Doist
Amir Salihefendic, a developer, created Todoist in 2007 purely out of personal necessity—he needed a to-do list and wanted to avoid paying for server costs. He launched with a simple monetization strategy: make reminders a paid feature. Within the first couple of months of 2007, he had his first paying customer, acquired through his popular blog (mix.decay). This wasn't a grand vision to disrupt productivity; it was a pragmatic side project built while Amir was simultaneously co-founding a social network (2007-2010).
When the social network failed, Amir returned to Todoist full-time. By the end of 2007, the bootstrapped tool was generating "a few thousand bucks per month in profit" with over 200 customers—all while Amir single-handedly handled development, support, marketing, and design. Growth was organic and steady but flat until 2011, when he hired his first employee. The team grew slowly: by 2012-2013, native mobile apps launched, and by 2015, the company had reached 40-50 people. However, this growth masked dysfunction.

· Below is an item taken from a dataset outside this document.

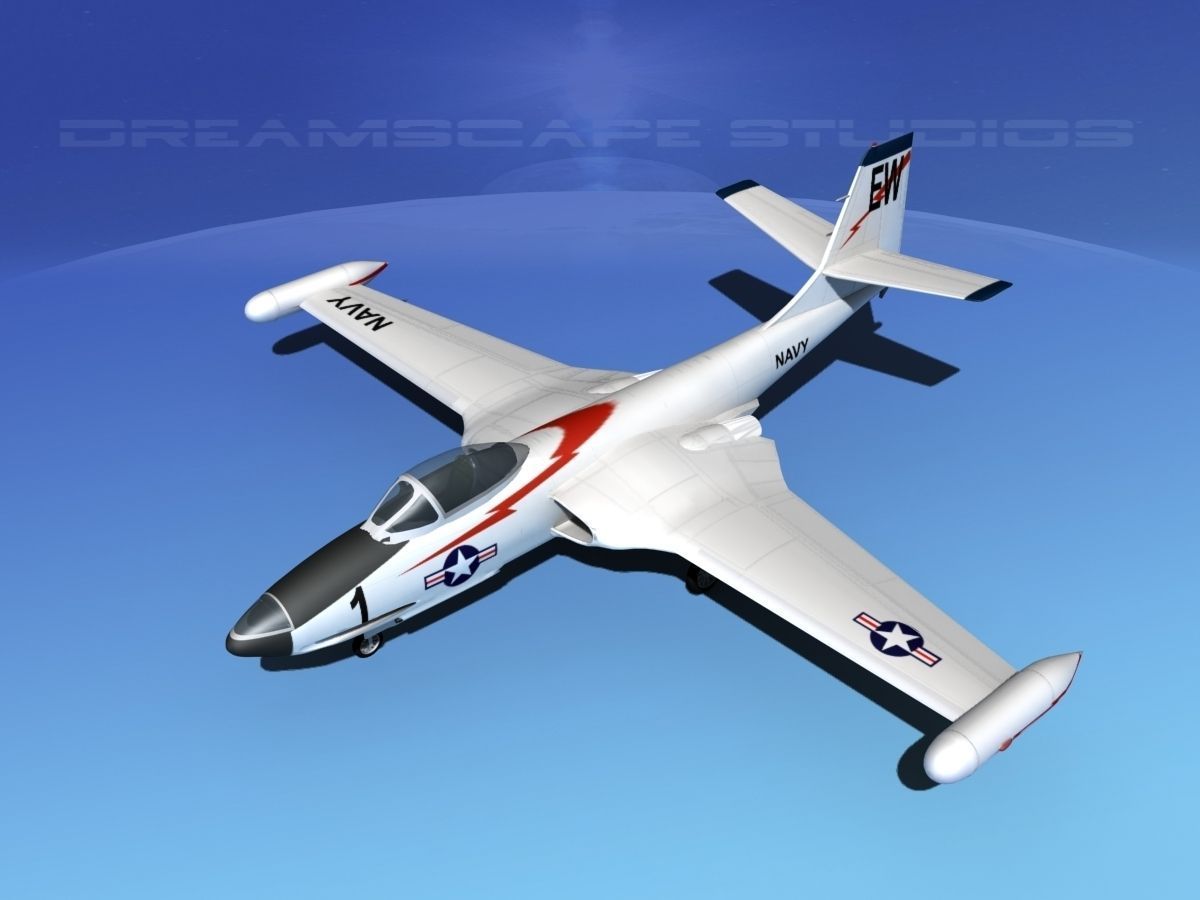 McDonnell F2H2 Banshee V10 3D model_13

From 2015-2018, Doist hit a wall. Despite hiring aggressively, productivity plummeted. "We didn't ship anything," Amir recalls. The culprits: technical debt from a side-project codebase, a failed experiment with no-hierarchy management, and lack of organizational structure. Meanwhile, customer growth accelerated dramatically after the mobile app launch—the company passed 10,000 customers around 2012-2013 and 100,000 by 2015-2016. Todoist's freemium model meant a ruthless focus: $5/month premium pricing, a few-percentage conversion rate from free to paid, and brutal annual churn of ~70% (20-month LTV at $100). Amir remained zen about this, philosophically accepting that not every user would stick.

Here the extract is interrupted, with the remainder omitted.